It is known that on the set $\mathbb{R}^+$ of the positive real numbers, one can introduce a linear structure $(\mathbb{R}^+,\mathbb{R}\odot, \oplus)$ such that $$ u\oplus v=u\cdot v \\ \alpha\odot u=u^\alpha, $$ where $u,v\in\mathbb{R}^+$, $\cdot$ is the usual multiplication of reals, and $\alpha\in\mathbb{R}$ is an arbitrary real.
This vector space is essentially the image $\exp(\mathbb{R})$ with the $\exp$ function being considered a linear map.
I have always found this example interesting, because the vector space and its underlying field is the same set.

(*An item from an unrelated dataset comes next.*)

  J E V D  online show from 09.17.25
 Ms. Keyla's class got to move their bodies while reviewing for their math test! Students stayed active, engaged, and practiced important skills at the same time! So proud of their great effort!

Or rather, the vector space is a subset of its underlying field, but is not a subspace, because the linear structures are completely different.
I have been trying to think about a vector space, where we can endow the entire set with a different linear structure, but I couldn't conjure up an actual example.
So, "question": I would be terribly appreciative of some interesting examples of sets that can be endowed with two completely different linear structures.
I assume the same construction (same as the opening example with $\mathbb{R}^+$ I mean) can be carried out on $\mathbb{C}$, where the exp function covers most of $\mathbb{C}$, but the zero complex number is also exempt from the set, so it is not a good example.
For one, if $X$ is a vector space, you can take any bijective function $f:X\to Y$ and define $$u\oplus v = f(f^{-1}(u)+f^{-1}(v))\\ \alpha \odot v = f(\alpha\cdot f^{-1}(u))$$
and then $(Y, \oplus, \odot)$ will be a vector space (isomorhic to $X$, with the obvious isomorphism of $f$).
So, since there always exists a bijection between $\mathbb R^n$ and $\mathbb R^m$ for any pair $m,n\in\mathbb N$, you can make, using such a bijection, $\mathbb R$ into a $124$-dimensional vector space over $\mathbb R$. It's ugly, I know, but it's possible.